Christian Prenuptial Agreements
- The growing popularity of prenuptial agreements are closely tied to rising divorce rates in Europe and North America. Statistics released by the National Center for Health Statistics suggest that 43 percent of all American marriages end in divorce, and Christians are no exception when it comes to the prevalence of failed unions. The Barna Report, published in 1999, remains the most extensive study on divorce rates among major Christian denominations in the United States. According to these statistics, 34 percent of all Christians who characterize themselves as being nondenominational are divorced, while the figure for Baptists reached 29 percent. Divorce rates among Catholics and Lutherans stands at 21 percent.
- The Bible does not provide explicit teachings on prenuptial agreements, as these did not exist in the days of the Hebrew Scriptures or in New Testament times. Prenuptial agreements are modern legal contracts and while all 50 states in the United States permit them, American politicians in the early 20th century viewed such arrangements in a negative light and felt that they endangered the sanctity of marriage.
While the Bible may not offer teachings on prenuptials, marriage is widely presented as a permanent covenant that may only be broken by death. While Malachi 2:16 suggests that Hebrew society frowned upon divorce, Matthew 19:6 talks about married couples joined together by God and notes that they must "not separate."
Prenuptials and Catholicism
- While prenuptial agreements are not banned outright in the Roman Catholic Church, canon and civil law do not permit the existence of such marital contracts in every instance out of concern that this will undermine the marriage. The Church believes that marital vows are permanent, while prenuptial agreements formally recognize that they may be temporal and that the lawful division of assets between separated spouses may be necessary. Parish priests ask all engaged couples whether they have signed a prenuptial agreement during their first meeting. If such an agreement exists, the priest is required to obtain a copy of this document and must send it to the Catholic Department for Canon and Civil Law Services, where church officials determine if a Catholic wedding may proceed.
After obtaining a copy of the prenuptial agreement, the priest advises the engaged couple that they must put their marriage plans on hold until they receive a positive response from the Church. If the prenuptial agreement is rejected, the engaged couple must formally terminate their contract before a Catholic wedding may take place.
- While the Catholic Church prohibits couples from marrying if their prenuptial agreement focuses on the division of assets following divorce, Church officials are more lenient when dealing with widows and widowers seeking to remarry. If the widow's main reason for a prenuptial agreement is to ensure that children from a previous marriage are guaranteed their inheritance, church officials will not require the termination of the marital contract. As such, those seeking a Catholic marriage must ensure that their prenuptial agreement determines the division of assets in the case of death and not because of divorce. Catholic Canon law allows for prenuptials only if the document serves to protect a third party, such as children or elderly dependents.

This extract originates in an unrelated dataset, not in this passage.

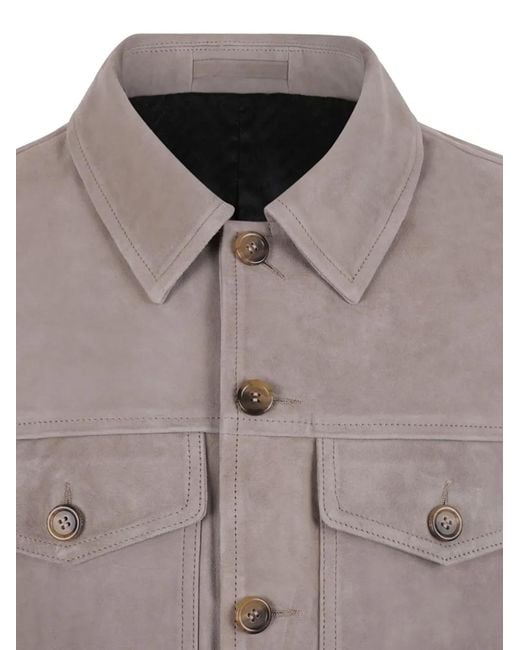 SELECTED Gray Veste En Daim À Boutonnière for men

- In contrast to the Catholic Church, Protestant denominations do not require engaged couples to disclose or rescind their prenuptial agreement. Yet mainstream Protestant churches do express concerns similar to those of Catholic priests that prenuptial agreements treat marriage as temporal. Conservative Christian organizations emphasize that a church marriage is a spiritual covenant rather than a legal contract. While contracts can be terminated and place limits on the responsibilities of both parties, a covenant is everlasting and all-encompassing. Canon law does not require Protestant pastors to turn to a higher church authority before performing a wedding for those with prenuptial agreements, but all ministers stress that marriage must be viewed as a permanent commitment.